Monday, 30 June 2014

Monday Mini Reviews - The Fearless by Emma Pass, Cuckoo Song by Frances Hardinge and Glimpse by Kendra Leighton

The FearlessThe Fearless. An army, powered by an incredible new serum that makes each soldier stronger, sharper, faster than their enemies. Intended as a force for good, the serum has a terrible side-effect - anyone who takes it is stripped of all humanity, empathy, love. And as the Fearless sweep through the country, forcing the serum on anyone in their path, society becomes a living nightmare.

Cass remembers the night they passed through her village. Her father was Altered. Her mother died soon after. All Cass has left is her little brother - and when Jori is snatched by the Fearless and taken to their hellish lair, Cass must risk everything to get him back.

 My review

 I really enjoyed Emma Pass's debut novel ACID, so I was thrilled to be approved for an e-galley of The Fearless from Netgalley! This is a post-apocalyptic thriller with a scarily plausible premise - the Fearless are humans who've taken a serum to erase their fear, only for it to turn them into zombie-like monsters.

Cass lives on an island with a group of survivors, until one day they're attacked and her little brother is taken by the Fearless. She joins up with Myo, a stranger from the mainland (I love that this is set in the UK!) to rescue him, but Myo is hiding a secret.
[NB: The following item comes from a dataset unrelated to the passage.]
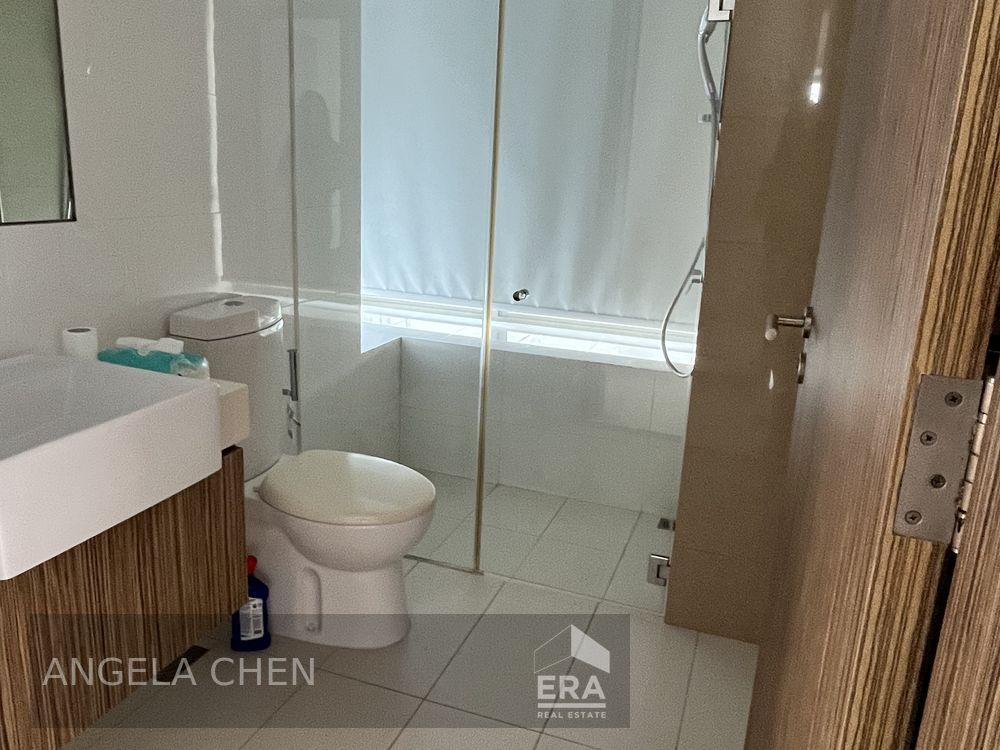 Condominium for Sale: Lorong 3 Toa Payoh, Toa Payoh, D12, 319583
Cass is a likeable heroine. She makes mistakes and isn't perfect, but her determination to rescue her brother makes her someone to root for.

This is a fast-paced, action-packed read, and I was hooked from beginning to end. As the POV alternates between Cass, Sol and Myo, I kept turning pages to find out what would happen to each of them, and the story revealed twists I never saw coming!
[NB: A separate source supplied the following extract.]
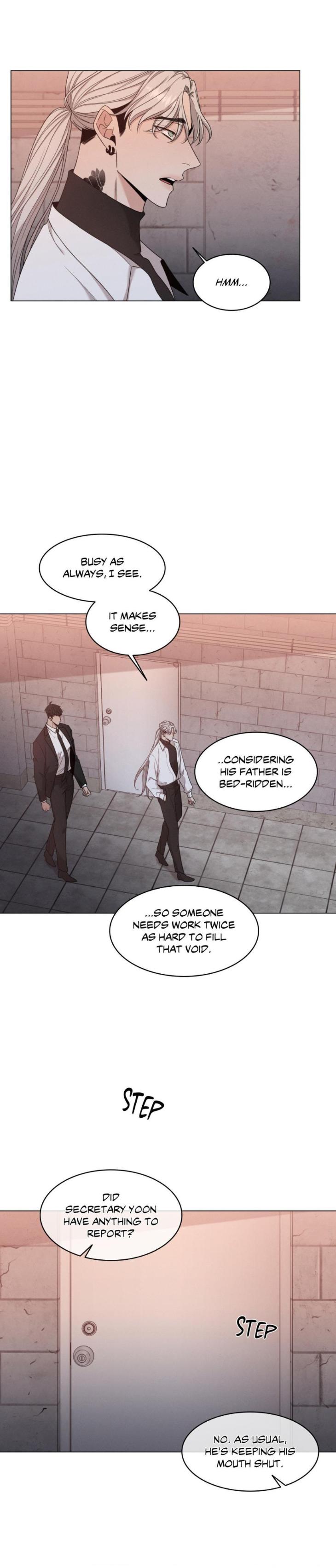 Minmotion-Syndrome-By-Niji-Eng page 11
The Fearless has great characterisation, romance and action - recommended to anyone looking for a fresh approach to YA post-apocalyptic!

Rating: 4 stars.

Cuckoo Song
The first things to shift were the doll's eyes, the beautiful grey-green glass eyes. Slowly they swivelled, until their gaze was resting on Triss's face. Then the tiny mouth moved, opened to speak. 'What are you doing here?' It was uttered in tones of outrage and surprise, and in a voice as cold and musical as the clinking of cups. 'Who do you think you are? This is my family.'

When Triss wakes up after an accident, she knows that something is very wrong. She is insatiably hungry; her sister seems scared of her and her parents whisper behind closed doors. She looks through her diary to try to remember, but the pages have been ripped out. Soon Triss discovers that what happened to her is more strange and terrible than she could ever have imagined, and that she is quite literally not herself. In a quest find the truth she must travel into the terrifying Underbelly of the city to meet a twisted architect who has dark designs on her family - before it's too late . . 

My review

Cuckoo Song is a delightfully creepy new novel from fantasy author Frances Hardinge. I've read and enjoyed some of her other books (Verdigris Deep and A Face Like Glass) and I couldn't resist picking this up after seeing the creeptastic cover! It's clear from the start that there's something not quite right about the heroine, Triss, who wakes up after an accident to find she has no memory of what happened - or of much else, either.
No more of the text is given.